There is widespread discontent especially among southerners over the lopsided nature of political appointments under the administration of President Muhammadu Buhari. In what looks like a deliberate policy that seemingly panders to northern interests, the majority of the appointments so far made by Mr. President appear skewed towards the North, which has taken control of strategic positions. A prominent feature of the new administration is that for the first time in the history of democratic governance in Nigeria, over seventy percent of key officials of the government are from a section of the country. This has set off a debate about its lacking in regional balance, and a violation of the federal character principle. However, the President has promised not to marginalize any part of the country.

Business Hallmark reports that the situation has taken such dimensions of interest due to the defective nature of Nigeria’s federalism, where states rely on the centre for their survival. Apart from the monthly federation allocation to states and local governments, there is also intense scramble for representation at the centre by states and regions. Accordingly, federal appointments are seen and regarded as a continuation of the gambit for resource allocation rather than the call to service. This is why every geo-political zone is jostling for strategic representation at the federal level where the resources of the country are distributed. The principles of federal character and quota system are all geared towards ensuring ethnic and geo-political balance in the allocation of federal offices, and to promote national unity.

The loud cries of marginalization by regions which felt shortchanged in the sharing of political positions in the country are so because every ethnic group wants its fair share of the ‘national cake;’ an arrangement that has become Nigeria’s albatross. It is also meant to ensure that no one ethnic group is seen to appropriate all the juicy offices in the land at the expense of the others.

Professor Jubril Aminu, a former senator and petroleum minister regretted in an interview with Business Hallmark that Nigerians now see federal appointments as merely additional resource allocation to the state of region from where the appointee hails, adding that until we see it as call to service we will always end up sacrificing merit on the altar of political or primordial sentiments. This mentality that appointments to political positions is to come and participate in the sharing of the pie has to stop if Nigeria must make any head way, said anothercommentator.

However, a cursory glance at the composition of the strategic political offices under the administration of President Buhari reveals a lopsidedness and inequality in the sharing of offices. In fact, among the top 12 positions, the South-East and South-South are the least represented. The South East has no appointment in Buhari’s government. This is why critics now refer to Mr. President as Nigeria’s most provincial leader ever.

“Buhari is the most provincial leader Nigeria has ever had,” said Ikechukwu Amaechi, Editor-in-Chief of The Niche, in a post on his Facebook wall. “He is not fit to be President of Nigeria. How can he continue appointing top officials of government from the North? Customs, Immigration bosses, SGF, Chief of Staff all from the North.”
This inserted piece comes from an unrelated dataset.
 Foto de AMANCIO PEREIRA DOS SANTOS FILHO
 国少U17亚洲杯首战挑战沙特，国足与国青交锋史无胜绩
The North West has the presidency, the Accountant General of the federation, the Managing Director of the Assets Management Company of Nigeria (AMCON), the Director-General of the Budget Office, the DG, Department of State Security, Managing Director of Nigeria Ports Authority (NPA), Chairman of INEC and the Chief of Protocol and Senior Special Assistant on Media and Publicity to the President.

This trend is however not without its precedents as under the late president Umaru Yar’Adua, the North West produced the president, the NSA, CBN governor, Finance minister, GMD NNPC, minister of petroleum, minister of Defence and Comptroller General of Customs.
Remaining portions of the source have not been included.